Being A Work At Home Parent In The Time Of Coronavirus

I was six months pregnant when my husband and I relocated to Connecticut, with no friends or family nearby. Newly married and ready for adventure, we moved so he could be an Executive Chef and I could continue to work for a company I love remotely. Plus I could take care of our daughter, and we wouldn’t have to do daycare. At the time it sounded perfect. In reality, it’s not easy.

In truth, it was always going to be hard, but his long hours and two-hour commute take a toll on both of us. I love being home. I’ve built a life in a way that I had not planned. My world is smaller than it was, but no less fulfilling. I love walking more since we share a car. I’ve mastered grocery store delivery when I’d rather spend his days off doing a family activity. I’ve made mommy friends, which I always thought I’d have trouble doing, and I’ve discovered that working remotely can be challenging but also fun.

But there are days that I miss being in an office, putting on business casual clothes, sitting in a spinning chair. There are days where my bubble feels suffocating. Where I’m so tired I don’t think I’ll be able to keep going and days where I think all I’m doing is failing. There are days where the mom guilt is overwhelming.

Guilt is the virus that attacks stay at home parents, work at home parents, and working parents. Guilt is the virus that already lurks in my home, and now Coronavirus is threatening my safe bubble too.

I’m not totally scared of the virus itself. Don’t get me wrong, I have a six month old. I have parents who, although young and healthy, fit the age bracket for concern. I have friends with cancer or who have a kid with cancer. I’m worried for them. I’m worried for the elderly. I’m also terrified of my world shrinking more.
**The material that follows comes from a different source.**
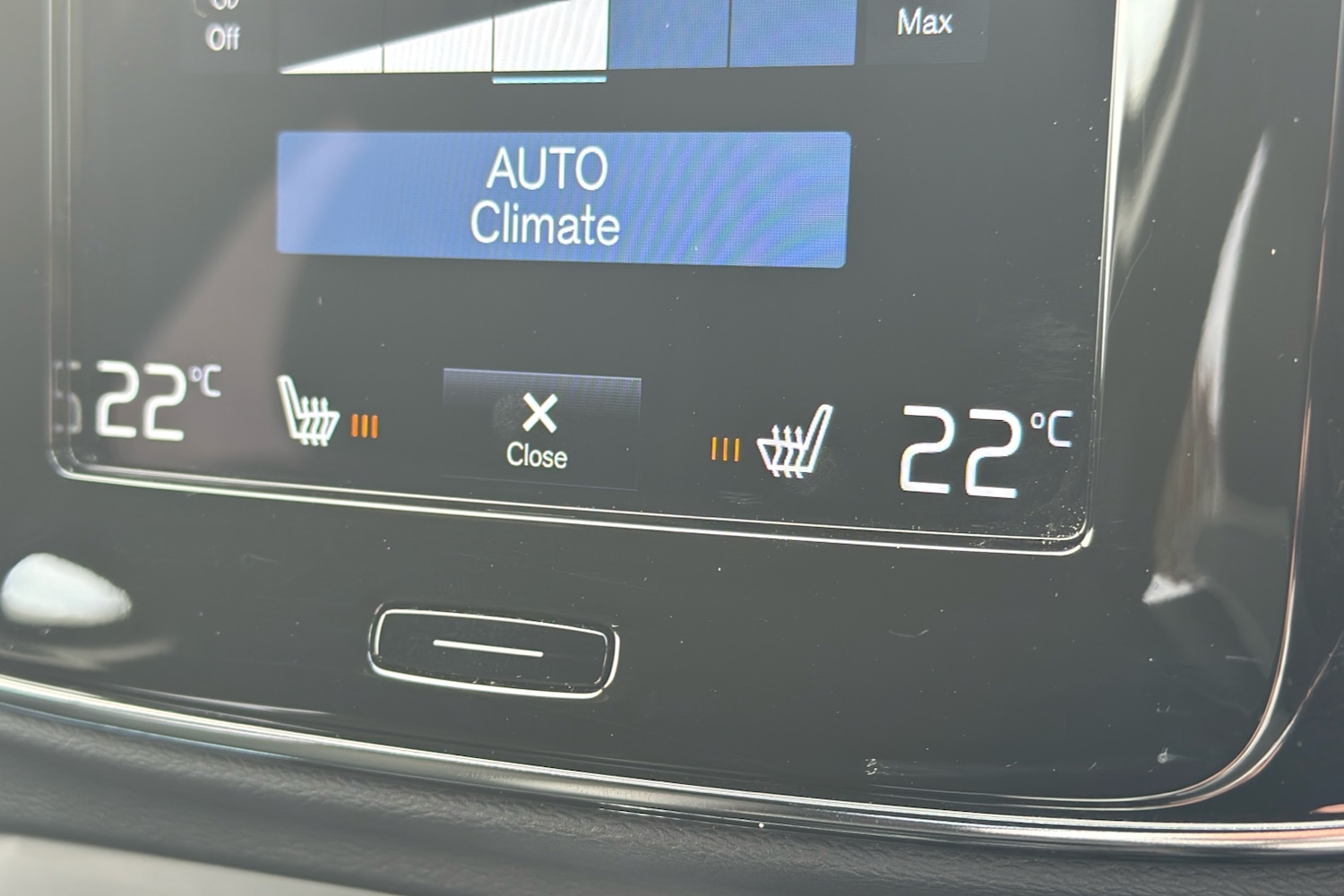 Used Volvo XC40 2021 for sale - 77577594: Photo 27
Two days ago I stood in a Trader Joe’s and was trying to control the panic coming over me. My husband couldn’t understand what was wrong. “So the store is ransacked, but we can find fun stuff to make,” he said. “It’s almost St. Patty’s day, so corned beef will be great!” At the time, his optimism felt just as suffocating as the fear that I couldn’t keep going as I had a week prior. He didn’t understand that being at home and trying to work and take care of a baby means having systems. Sometimes those systems are as neurotic as putting the same colored burp clothes in each room. Other times they are logical like loading the dishwasher at night so the sink is free for a baby’s bath in the a.m.

But it’s more than systems. It’s that guilt virus again. I felt it when I saw my brother-in-law’s stock of baby wipes. Not a recent fear purchase, but just part of his usual bulk shopping. Why didn’t I bulk shop? I have a Costco membership. Why was I frantically trying to buy our usual Hello Bello water wipes instead of always having a supply? Especially since everything else gives her a rash. These were the thoughts popping in my head during an innocent FaceTime call with family. Because guilt.

I don’t write this because I expect anyone to feel I’m more deserving of toilet paper. I don’t know who is buying all of the wipes. Maybe it’s out of true need. But I do ask that people think about more than their fear. Think about the elderly person who goes to do their weekly shopping and nothing is there. It’s more than just a product being gone. It’s their routine. Their bubble getting burst. Consider the mom who couldn’t get to the store any sooner who is terrified of being a failure because her child won’t have their usual lunch. Consider your neighbors and friends. Yes, stock up within reason because it’s smart. But don’t hoard. Don’t let fear make you unkind. I recently had a woman angrily look into the bottom of my daughter’s stroller because she thought she saw toilet paper in there. I was rude to her because I felt my space being invaded, but if I did have it and she needed it, I would have given it to her.

I don’t like my routine being messed with. None of us do. I don’t want this messy life I’m leading to be harder than it is. None of us do. I mean, hell, I’m writing this while feeding a small child and thinking about laundry and website designing. My brain is on overload. My heart hurts for people suffering, for people that are scared. We are all already battling demons on top of this new threat. Show love and remember that even the smallest things might impact someone’s world right now.